What's the go with sump?


----------



## a/mRADO (Feb 1, 2015)

Thanks. I'm using a mkv R32 sump. It allows me to run a slightly shallower pan. So no more worry's about smashing it.


----------



## root beer (Jun 22, 2004)

Looks nice man:


----------



## Ld7w_VR (Apr 21, 2006)

in for the all motor vr :thumbup:opcorn:


----------



## root beer (Jun 22, 2004)

Will you drag race this car? Just noticed you're in MD.


----------



## a/mRADO (Feb 1, 2015)

Yes, I plan on it. I've been a lil busy and haven't had much time to work on it.

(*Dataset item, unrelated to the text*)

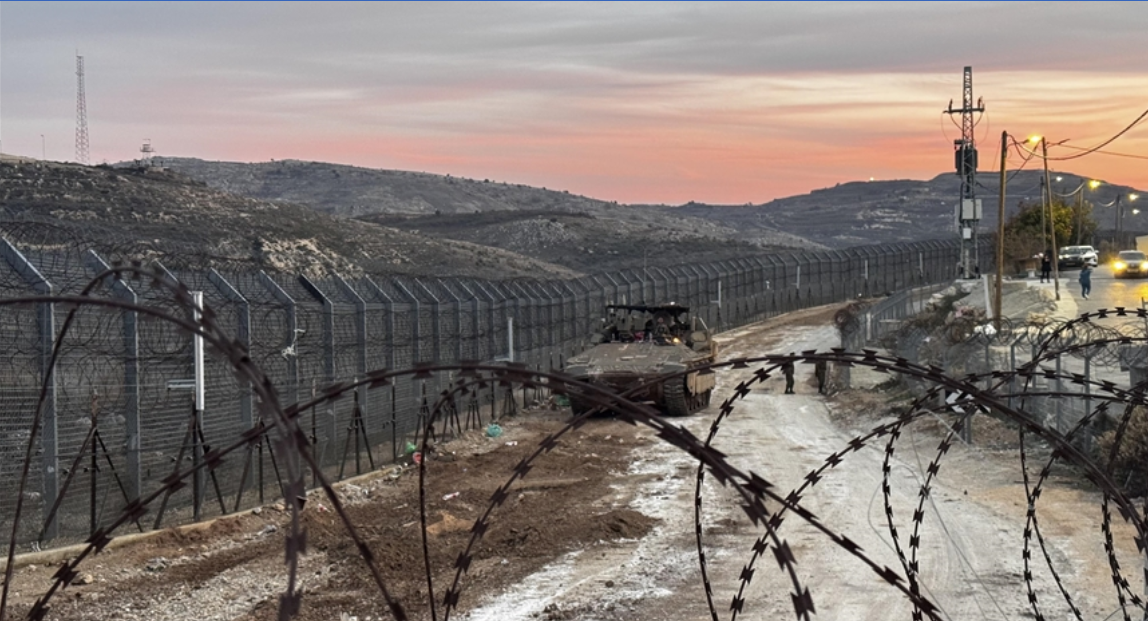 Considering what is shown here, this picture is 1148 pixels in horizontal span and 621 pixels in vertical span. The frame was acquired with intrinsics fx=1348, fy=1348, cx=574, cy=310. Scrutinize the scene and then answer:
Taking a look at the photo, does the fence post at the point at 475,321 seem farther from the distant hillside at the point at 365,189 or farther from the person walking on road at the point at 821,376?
the distant hillside at the point at 365,189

Hoping to have it running by spring.


----------



## a/mRADO (Feb 1, 2015)

So I've been pretty busy lately but I've been able to slowly work on my head. I've decided to port it myself! It's my first time porting a head so hopefully it turns out ok. I bought a set of snap gauges so I can keep the ports as even as I can. So far so good. Not sure if I should finish the intake ports is 80grit or 120... Leaning towards 120. But this is what I've got so far.


----------



## root beer (Jun 22, 2004)

Nice man. Knock it out. ~ A month and a half until tracks open.


----------



## a/mRADO (Feb 1, 2015)

Porting is done and the head is at the machine shop getting the valve job! Should have it running with in a month.


----------



## a/mRADO (Feb 1, 2015)

My head is finally back from the machine shop! Hopefully the motor done this weekend.


----------



## MahTrek=] (Nov 6, 2008)

Looks great man, would love to see what it puts down on the rollers. Any plans to have it dyno'd?


----------



## a/mRADO (Feb 1, 2015)

Thanks, and yes once everything is broken in I will have it on the dyno


----------



## a/mRADO (Feb 1, 2015)

The motor is almost together. I forgot to get the rear crank seal and I'm missing a couple timing guide bolts. Should have them by the weekend. Also picked up a mbs 3" exhaust and a diesel geek shifter.


----------



## HaydenVR6 (Jul 21, 2011)

Porn


----------



## a/mRADO (Feb 1, 2015)

Got the motor in last night!


----------



## root beer (Jun 22, 2004)

Updates?


----------



## a/mRADO (Feb 1, 2015)

I'm ordering my fuel lines and fittings today. Just need to run fuel lines and and figure out my wiring and I should have it running. I'll still need a few more things before I can drive it on the road. But it's getting close!


----------



## a/mRADO (Feb 1, 2015)

Here's a lil update: I got a little busy the past couple months and haven't been able to work much on the car until recently. Finished my fuel lines and temporally wired everything up and got the car to run! Having a issue with my clutch not disengaging. I'm Going to bleed the clutch again this week and hopefully that with solve my issue.


----------



## a/mRADO (Feb 1, 2015)

Here's a video I took after starting it. Don't mind the dirty car lol
[video]http://s1031.photobucket.com/user/ianreed84/media/Mobile%20Uploads/1BA6479A-B434-4AC0-852C-E5C95C6D1D55_zpsr5ajp6rb.mp4.html[/video]


----------



## AROD-in-BOOST (Jul 8, 2008)

a/mRADO said:


> Here's a video I took after starting it. Don't mind the dirty car lol
> [video]http://s1031.photobucket.com/user/ianreed84/media/Mobile%20Uploads/1BA6479A-B434-4AC0-852C-E5C95C6D1D55_zpsr5ajp6rb.mp4.html[/video]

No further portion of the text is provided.